:: WORK ORDER ::
Take nothing but the lines from the one with "Hands holding receipts in a grocery aisle" through the one with "Collier Claverin en" in the entries below, both ends kept, and return them exactly with pictures left out.

### ENTRIES SUPPLIED ###

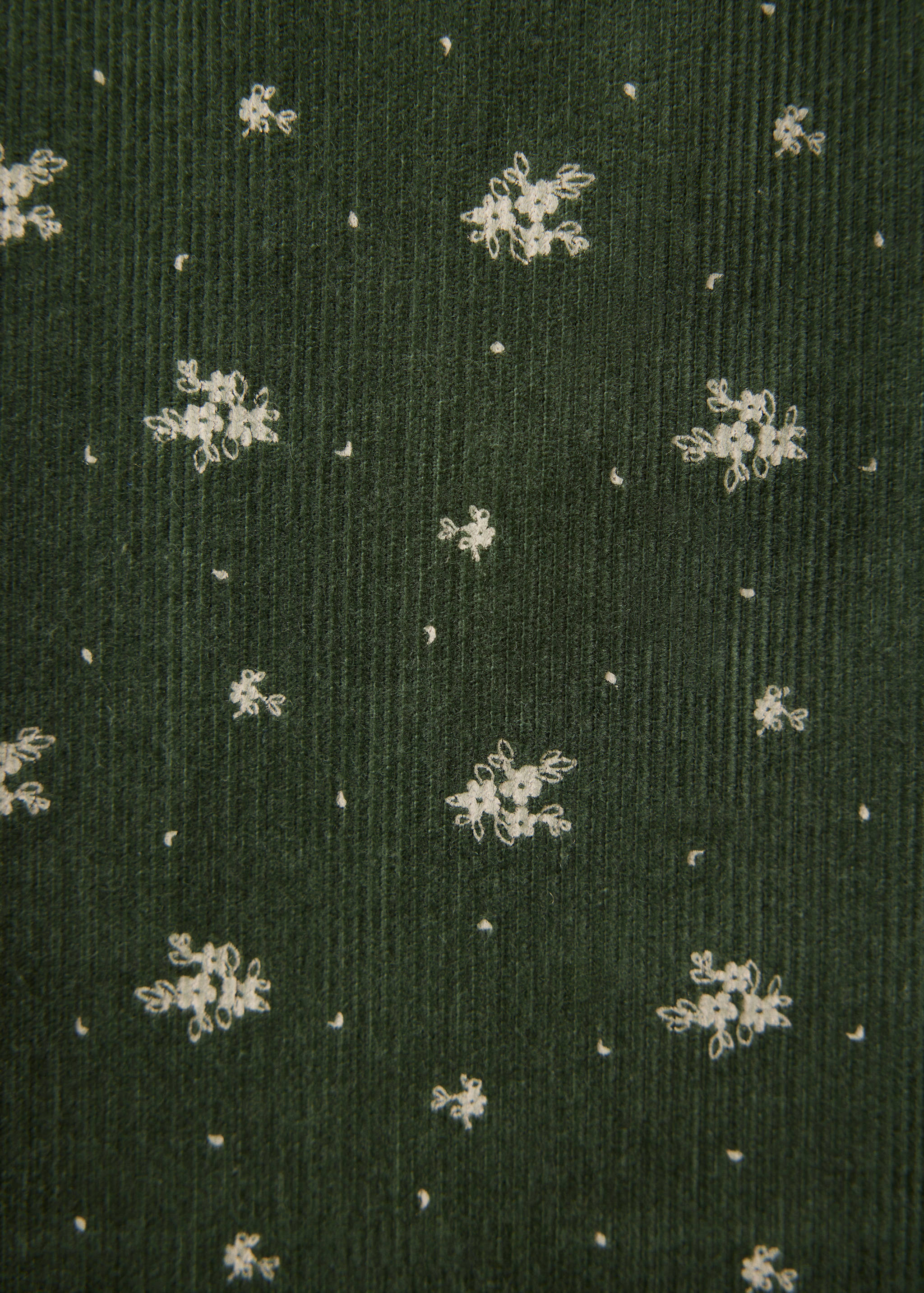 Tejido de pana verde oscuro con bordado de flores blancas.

###
### ENTRIES SUPPLIED ###

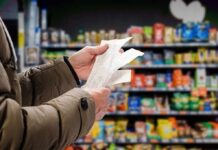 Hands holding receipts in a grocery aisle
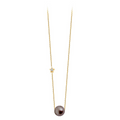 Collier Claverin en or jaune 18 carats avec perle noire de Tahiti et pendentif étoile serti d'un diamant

###

:: TASK RESPONSE ::
 Hands holding receipts in a grocery aisle
 Collier Claverin en or jaune 18 carats avec perle noire de Tahiti et pendentif étoile serti d'un diamant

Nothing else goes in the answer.